For marketing ops and sales ops teams in B2B companies, importing leads into a CRM system is one of the most common business processes. With the variety of channels your marketing team leverages, and the manual nature of list importing, this can be a painful workflow for your team. SnapLogic Flows will help to make the entire process easier for you and your team. You can now automate sales and marketing processes without writing code and without help from IT.
SnapLogic Flows enables you to build a wide range of workflows that spans sales and marketing endpoints such as Marketo, cloud storage endpoints such as Box, service endpoints such as ServiceNow, and notification endpoints such as Email and Slack in just a few easy steps:
- Select your source (spreadsheet or Google Sheet)
- Select the fields, filter records as needed
- Pick a target for your data (Salesforce or similar)
- Easily filter and map your data
- Schedule it or run it immediately
It’s that easy! Here’s how the process works in a little more detail.
For example, we’ll look at how you can automate a simple lead list upload into Salesforce.
In this example, I have a leads file in a Google Sheet. When you click on the ‘New Flow’ button in your Flows home, you are taken to the build interface.
On the left, you get an overview of the integration that you are building. The center panel is where you configure the endpoints. You have a support guide on the right, which provides convenient context-specific help.
The first step is to configure the source endpoint, which is Google Sheets. Once you pick an account, the platform introspects the endpoint and presents you with a list of Google Sheets to source data from.
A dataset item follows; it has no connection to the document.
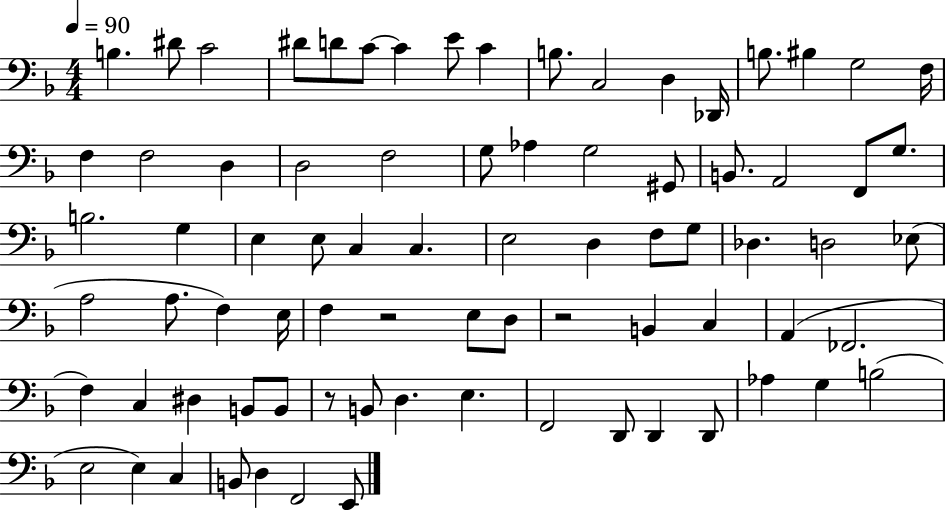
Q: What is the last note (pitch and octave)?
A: E2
The next step is to filter the source data. When I click on the ‘Filter Data’ button, I am taken to the ‘Data Wrangler’ screen dedicated to data transformation and mapping. In this case, I don’t want all the columns in the source sheet, so I click to pick the six columns that I want. Because Flows is built on SnapLogic Intelligent Integration Platform, it leverages a lot of the dynamic features of the platform that improve user productivity such as endpoint introspection and data preview. On the right, you get a preview of the input data and filter data. You can also filter rows based on arithmetic and string expressions.
Once you have filtered the source data, you can then connect the source to the target app.
The next step in automating this workflow is configuring the Salesforce target. Once you select ‘Salesforce’ as the target, the platform provides a list of commonly used objects (Accounts, Leads, Opportunities, Contact) and actions (Add, Update, Delete) to you. The support guide updates to present you with relevant help as you move through different screens.
The last step is mapping data from my filtered Google Sheets source to Salesforce. For mapping, you are again directed to the Data Wrangler, which is what you use for field mapping. The platform provides suggestions and informs you of data types by introspecting both the source and the target schema. Once you apply the mapping, you can see the preview on the right-hand side of the screen.
Now that you have mapped Google Sheets as a source to your destination, you can click on ‘End Flow’. In the final step, you are taken to the end screen where you can preview what you configured, and run your Flow. You can configure notifications and choose to get notified if the Flow is completed or failed or stopped/suspended and schedule a Flow in advance.
In just a matter of minutes, you can automate a sales or marketing workflow such as uploading leads to Salesforce.
Stay tuned for upcoming posts in this series where we will showcase how easily you can build other business processes, such as creating automated service tickets for marketing ops teams within Flows. If you are intrigued by SnapLogic Flows and want to learn more, please sign up here.
Author’s Note (Dec 2022): SnapLogic Flows is no longer available to new customers. We are working to bring the Flows user experience into the SnapLogic Designer.